━━━ RECORDED DATA ━━━

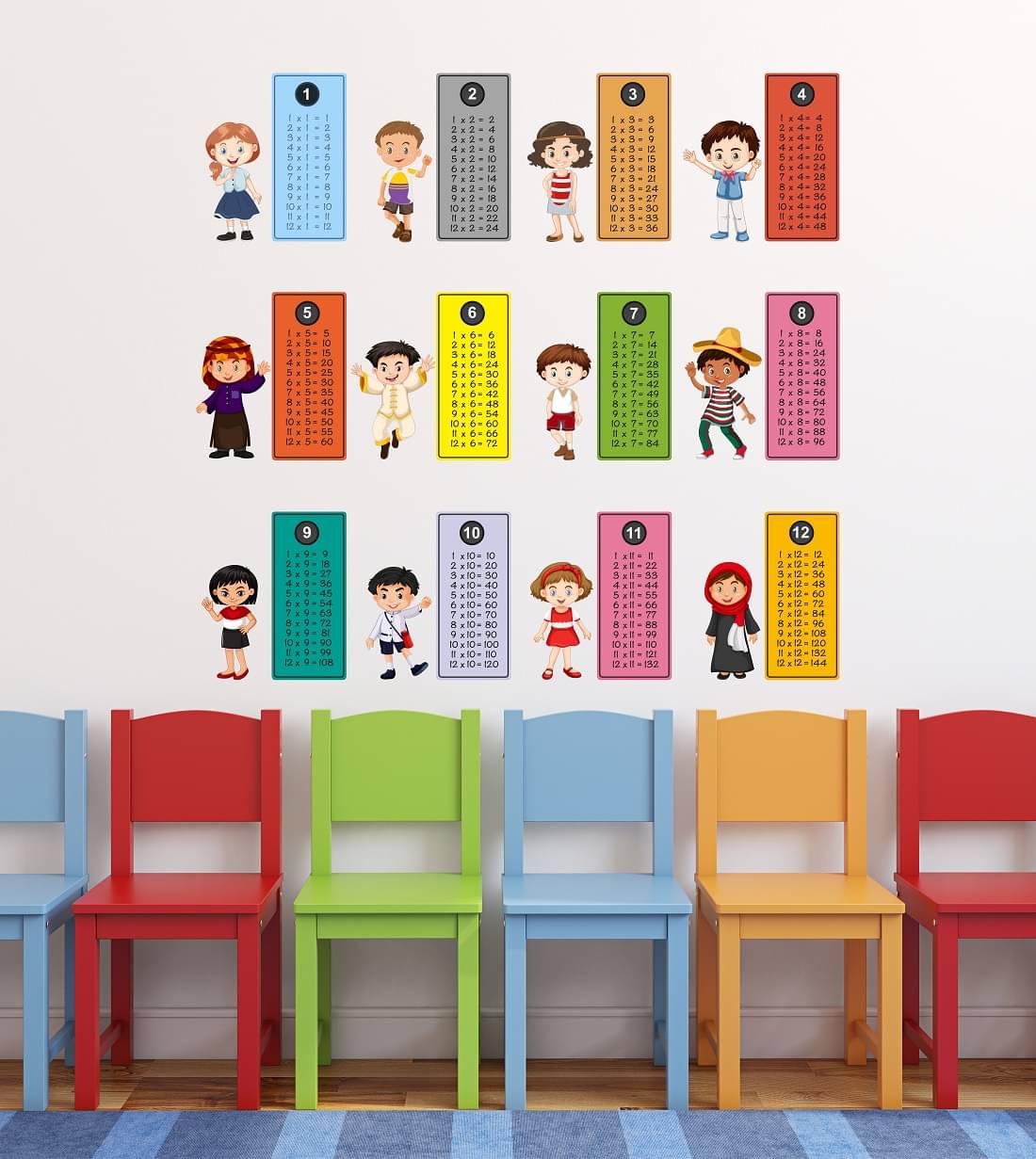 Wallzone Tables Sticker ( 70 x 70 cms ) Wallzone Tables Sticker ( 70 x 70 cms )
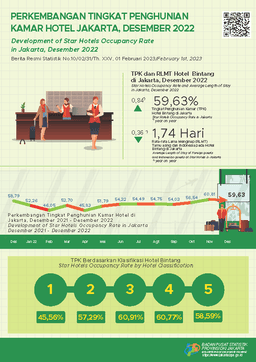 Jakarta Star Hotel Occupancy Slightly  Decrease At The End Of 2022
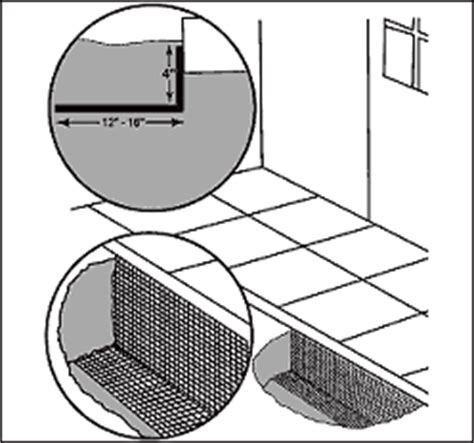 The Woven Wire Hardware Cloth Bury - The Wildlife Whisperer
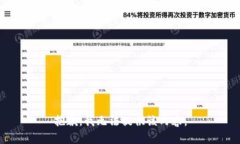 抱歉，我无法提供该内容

━━━
━━━ RECORDED DATA ━━━

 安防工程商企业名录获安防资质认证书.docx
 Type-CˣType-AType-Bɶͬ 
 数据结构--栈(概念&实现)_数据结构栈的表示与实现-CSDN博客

━━━
━━━ RECORDED DATA ━━━

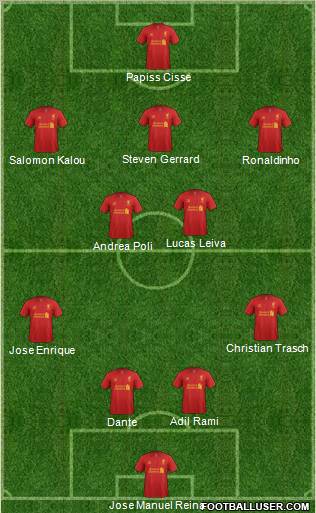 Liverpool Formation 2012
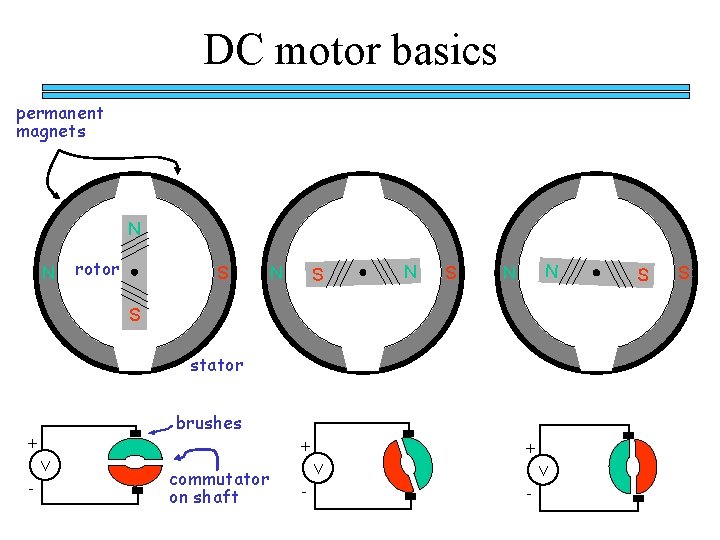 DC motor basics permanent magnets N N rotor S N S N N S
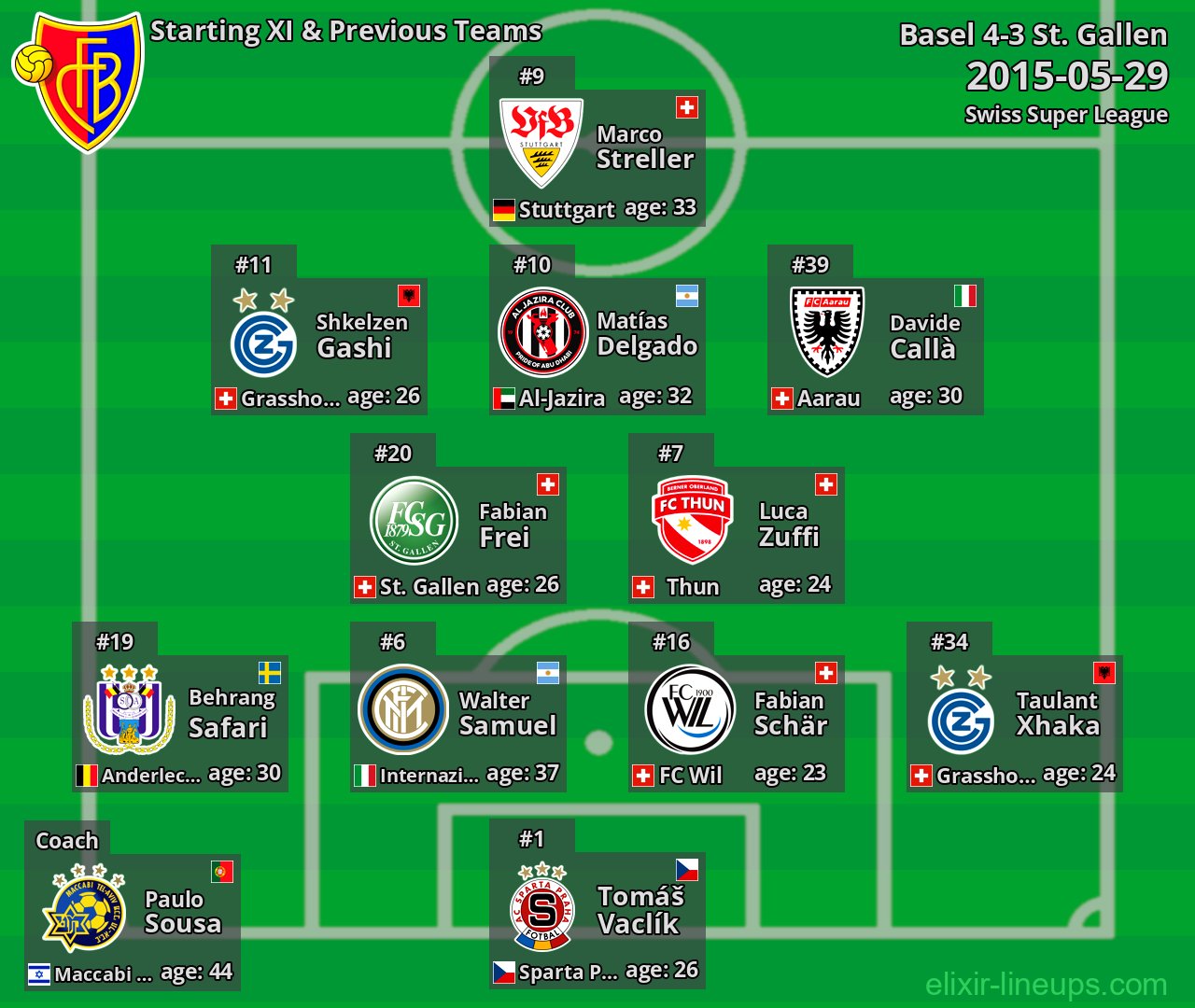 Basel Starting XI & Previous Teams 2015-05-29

━━━

> TASK: Your reply is to be an exact repeat of the listing above from the line holding "Liverpool Formation 2012" down to the line holding "Basel Starting XI", ends included, pictures excluded.

> RESULT FOR THIS TASK:
 Liverpool Formation 2012
 DC motor basics permanent magnets N N rotor S N S N N S
 Basel Starting XI & Previous Teams 2015-05-29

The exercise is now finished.